=== PROVIDED MATERIAL ===

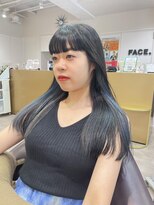 フェイス 石川町 (FACE)&nbsp;隠せるインナーカラー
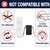 QIACHIP Small Size Ceiling Fan Light Wireless Remote Control Receiver Kit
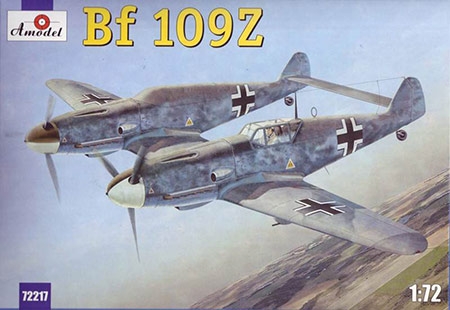Messerschmitt Bf-109Z - 1/72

===

Output the material word for word, omitting its pictures.

 フェイス 石川町 (FACE)&nbsp;隠せるインナーカラー
 QIACHIP Small Size Ceiling Fan Light Wireless Remote Control Receiver Kit
Messerschmitt Bf-109Z - 1/72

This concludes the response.